Monday, March 21, 2016

Book Review: Minding the Modern by Thomas Pfau

If you want to ask the big questions, you're going to have to read the big books. At least, that's what I kept telling myself as I measured my progress through this book after a week of reading only to find that I was 10% done. Pfau is a professor of English, but I think that were this written a century ago, it would have been classified as philology. The focus is indeed on words (or, more precisely, the concepts behind the words): will, person, teleology, and purpose are traced through Plato, Aristotle, Augustine, Aquinas, Occam, Hobbes, Locke, Smith, etc. up through the time of the Romantics (with appropriate flash-forwards to the debates about these terms in the modern day). Considering the ground that Pfau covers, this huge book actually seems quite short, and I actually found its level of detail to be just about perfect to cover the evolution of the concept of what is a person.

For all that, much of the book seems to come down to what thinkers thought of as the strength and utility of one of the biggest of little words: the "logos." What is the nature of the structure "outside" us, and how does it relate to the structure "inside" us? Is the universe ultimately about material or about relationship? It is something to dominate or something to receive as a gift?
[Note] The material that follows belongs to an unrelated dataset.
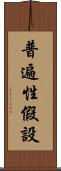 普遍性假設 Scroll
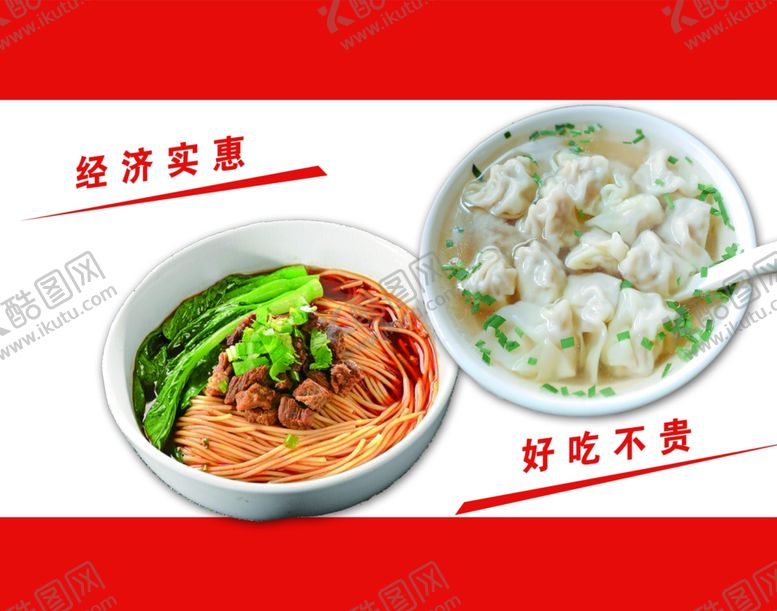 编号：69336201290725169851【酷图网】源文件下载-早餐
I found it fascinating and well worth the effort to read something this far outside of my discipline. I've found that I come down on the side that we can participate in the logos by telling stories, and that those stories aren't just constructed and contingent, but are in fact true.

The last fourth of the book turns its focus to Coleridge as a thinker whose ideas may offer a way out of the materialist cul-de-sac we seem to be trapped in as the default philosophy of the century. I've run into Coleridge before and, I agree, his philosophy of starting with the "responsible will" inside rather than the material outside does seem to be a way forward. My only complaint is that I would have liked more about Coleridge's thinking, because as it stands I have to do a lot more reading on my own to figure out how to go forward in my field following Coleridge's example. The good news is I'm colleagues with a Coleridge expert, so the fact that I work at a liberal arts university and have friends like that is a big help moving forward. But if I had my wishes, this book would have split off and expanded the third part (the one about Coleridge), because I want to know so much more. Even the third part didn't have quite enough about Coleridge, because it frequently talked about other thinkers like Schopenhauer for pages on end, when I more wanted to get away from the negative examples and toward the positive ones.

This fits with Barfield (and less obviously with Deacon), and provides a valuable intellectual scaffold for moving forward with Coleridge's thinking as we head into the 21st century. Well, well worth the read, even for a scientist like myself.